__WHAT YOU HAVE TO DO__
Your copy of the data should match it exactly, leaving out only the pictures.

──────────

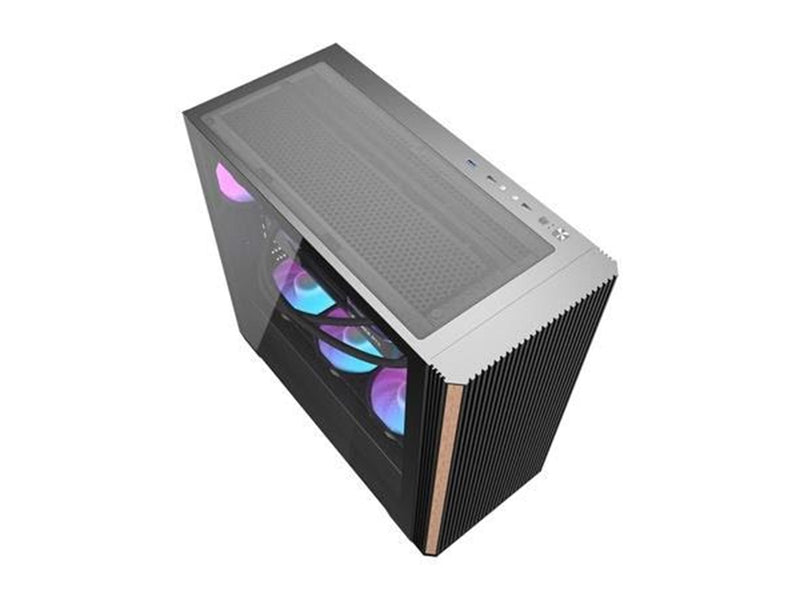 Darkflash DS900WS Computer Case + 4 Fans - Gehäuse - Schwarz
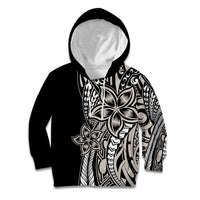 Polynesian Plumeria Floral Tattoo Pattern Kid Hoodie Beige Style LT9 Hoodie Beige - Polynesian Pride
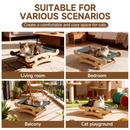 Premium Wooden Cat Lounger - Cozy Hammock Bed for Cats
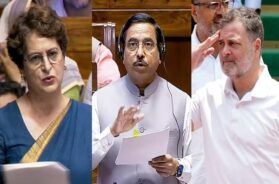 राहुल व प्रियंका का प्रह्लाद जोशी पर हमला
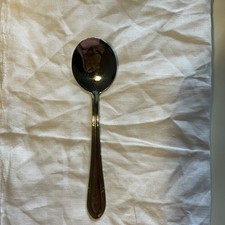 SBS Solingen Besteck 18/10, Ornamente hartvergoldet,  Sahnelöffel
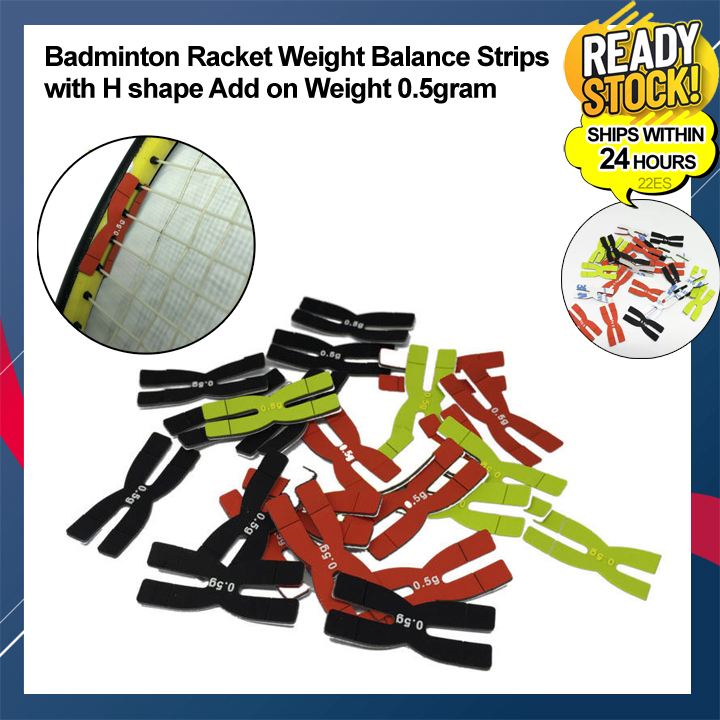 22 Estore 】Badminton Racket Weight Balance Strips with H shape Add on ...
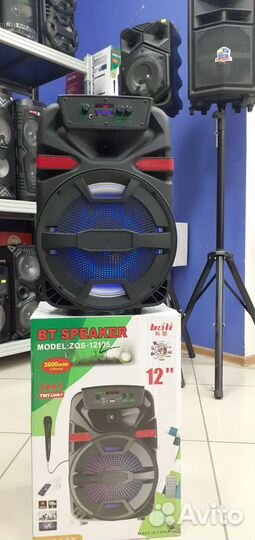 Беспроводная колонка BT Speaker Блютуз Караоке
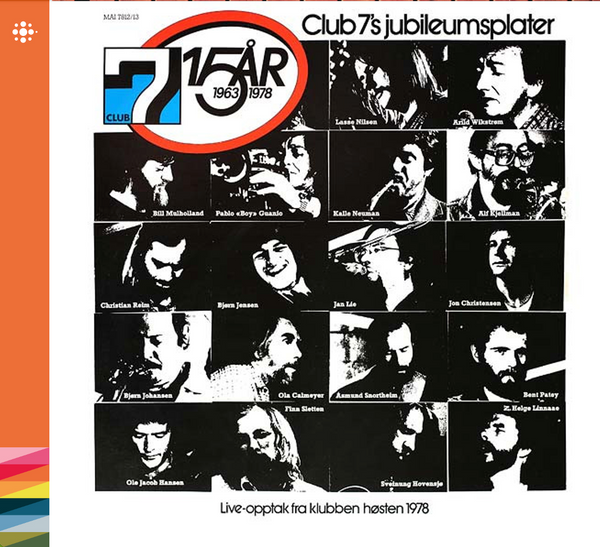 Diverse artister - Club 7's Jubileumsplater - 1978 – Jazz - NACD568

──────────

__REPLY__
 Darkflash DS900WS Computer Case + 4 Fans - Gehäuse - Schwarz
 Polynesian Plumeria Floral Tattoo Pattern Kid Hoodie Beige Style LT9 Hoodie Beige - Polynesian Pride
 Premium Wooden Cat Lounger - Cozy Hammock Bed for Cats
 राहुल व प्रियंका का प्रह्लाद जोशी पर हमला
 SBS Solingen Besteck 18/10, Ornamente hartvergoldet,  Sahnelöffel
 22 Estore 】Badminton Racket Weight Balance Strips with H shape Add on ...
 Беспроводная колонка BT Speaker Блютуз Караоке
 Diverse artister - Club 7's Jubileumsplater - 1978 – Jazz - NACD568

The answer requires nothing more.